→ **PROBLEM DESCRIPTION**
Where the records below show the word "with" in a line, please copy that line.

→ **DATA TO PROCESS**
⟨
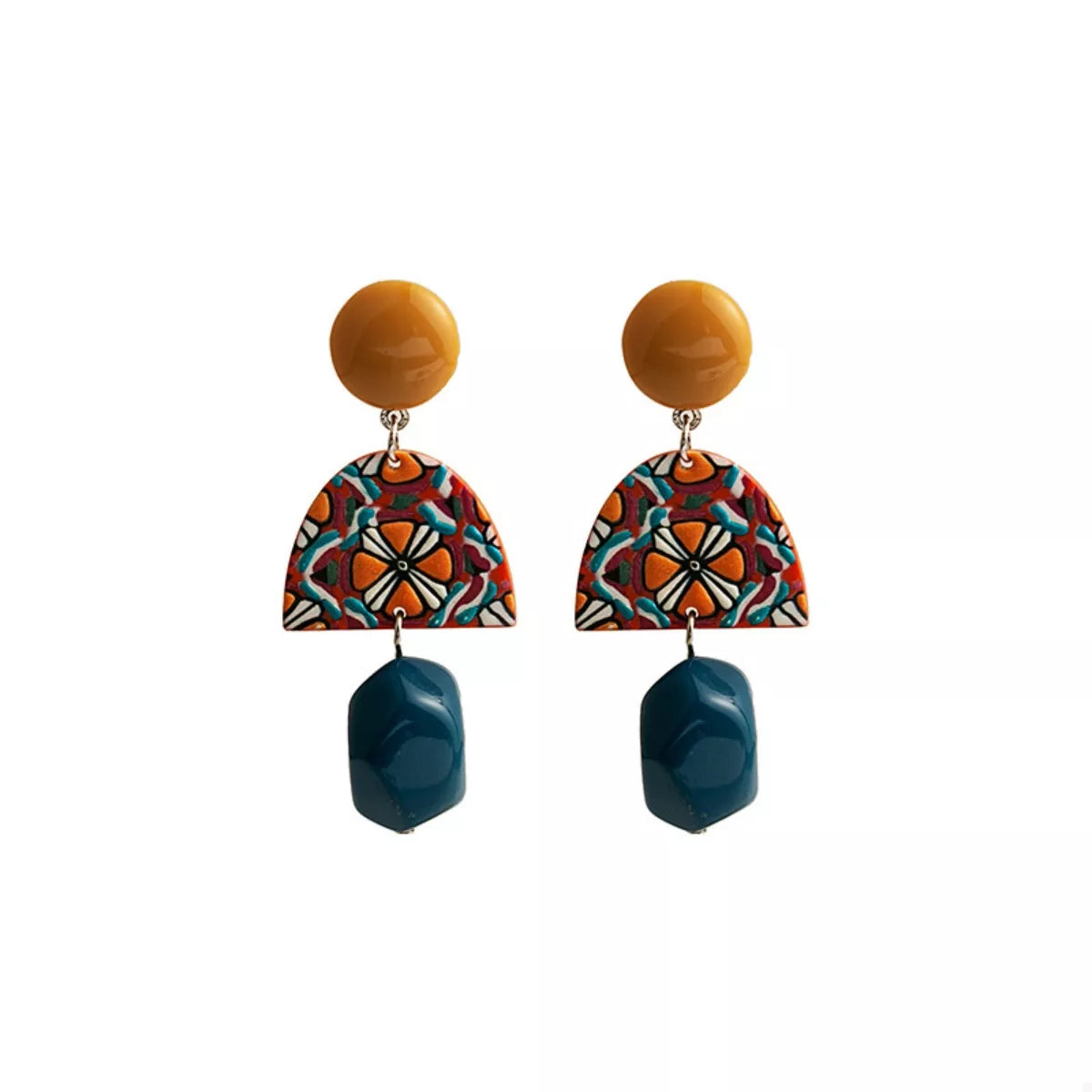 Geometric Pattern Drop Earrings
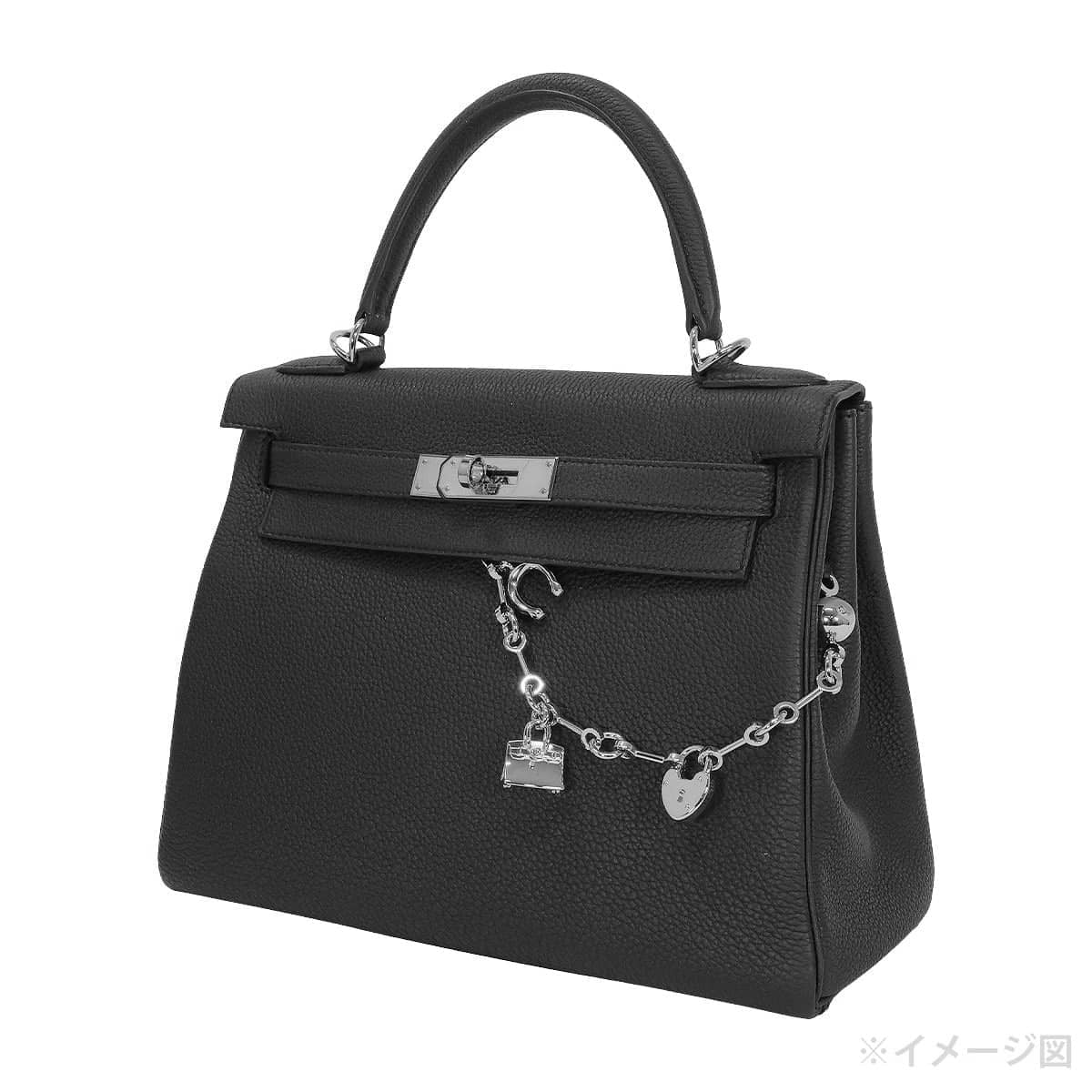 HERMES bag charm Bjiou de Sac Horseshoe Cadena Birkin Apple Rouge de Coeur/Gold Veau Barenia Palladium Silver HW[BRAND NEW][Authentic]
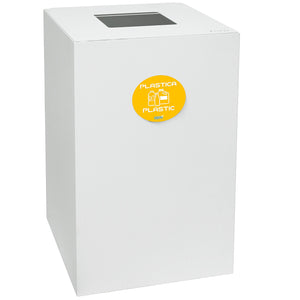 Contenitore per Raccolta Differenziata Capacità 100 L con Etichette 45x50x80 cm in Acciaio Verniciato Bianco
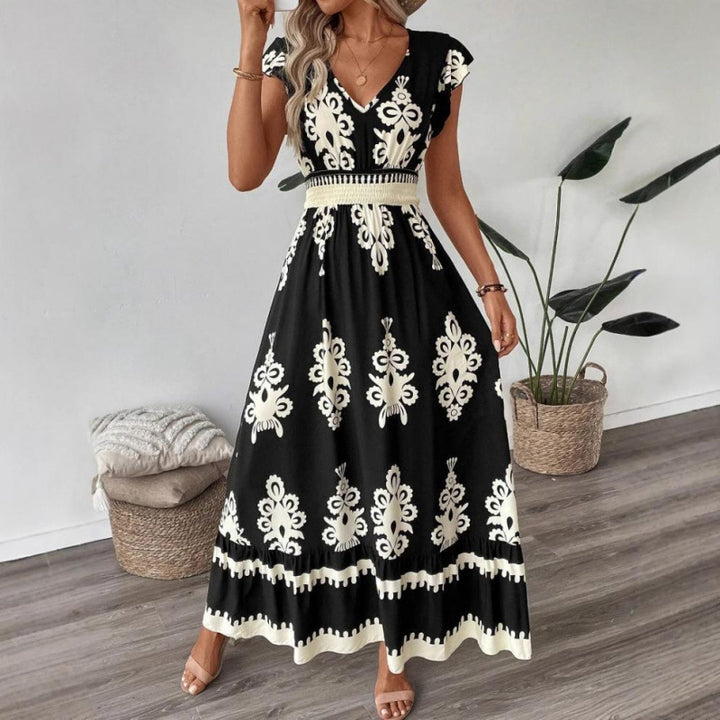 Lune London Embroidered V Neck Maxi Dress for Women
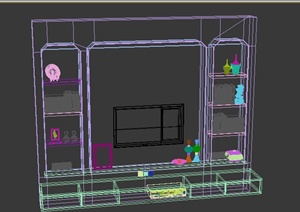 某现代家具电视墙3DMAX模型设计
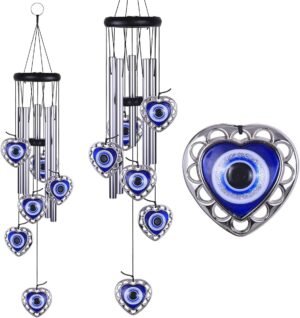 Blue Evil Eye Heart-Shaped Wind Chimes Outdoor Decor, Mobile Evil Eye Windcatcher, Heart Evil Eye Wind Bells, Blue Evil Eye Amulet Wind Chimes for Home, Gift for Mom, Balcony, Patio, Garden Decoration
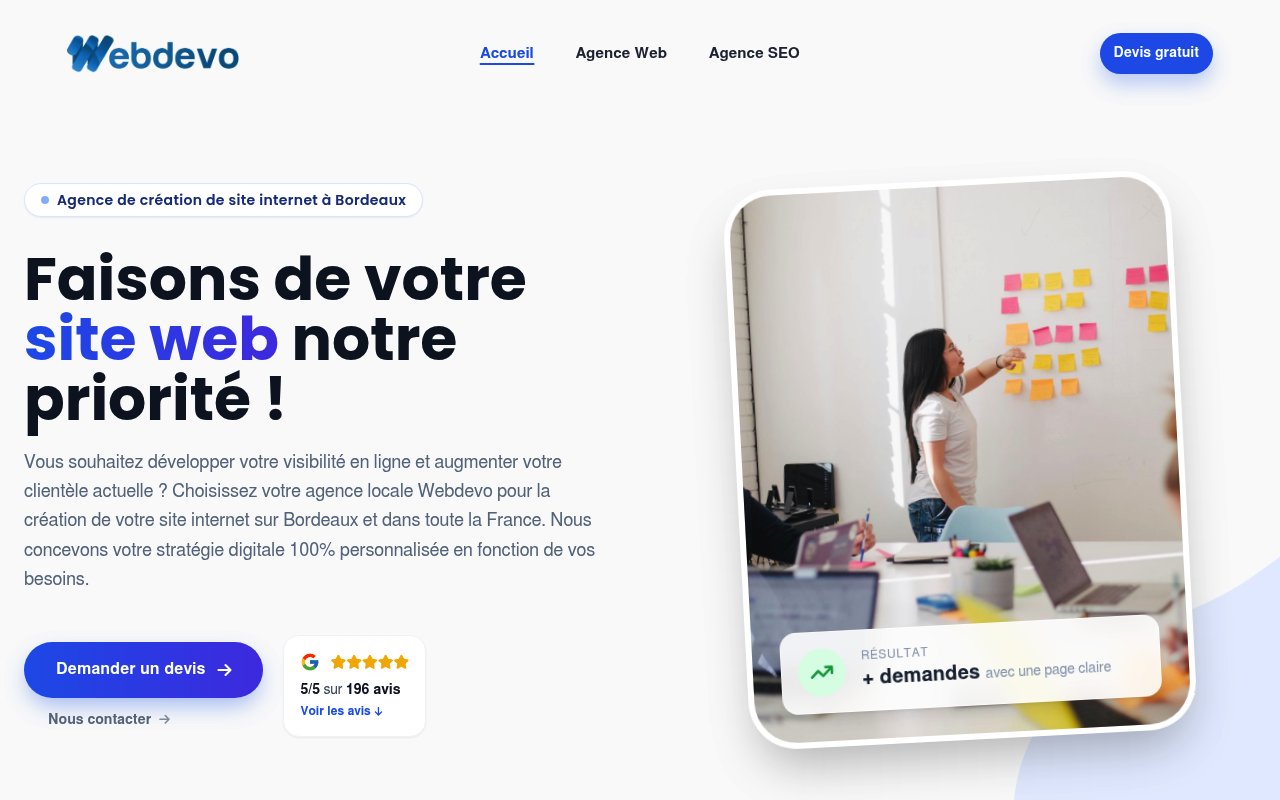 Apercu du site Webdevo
⟩
⟨
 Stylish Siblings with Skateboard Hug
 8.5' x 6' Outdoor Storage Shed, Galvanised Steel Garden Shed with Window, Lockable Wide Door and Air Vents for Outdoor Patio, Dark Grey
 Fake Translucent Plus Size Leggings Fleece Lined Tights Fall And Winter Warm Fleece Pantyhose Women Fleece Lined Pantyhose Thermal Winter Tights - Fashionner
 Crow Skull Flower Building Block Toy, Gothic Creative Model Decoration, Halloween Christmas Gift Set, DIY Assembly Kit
⟩
→ **WRITTEN ANSWER**
 Stylish Siblings with Skateboard Hug
 8.5' x 6' Outdoor Storage Shed, Galvanised Steel Garden Shed with Window, Lockable Wide Door and Air Vents for Outdoor Patio, Dark Grey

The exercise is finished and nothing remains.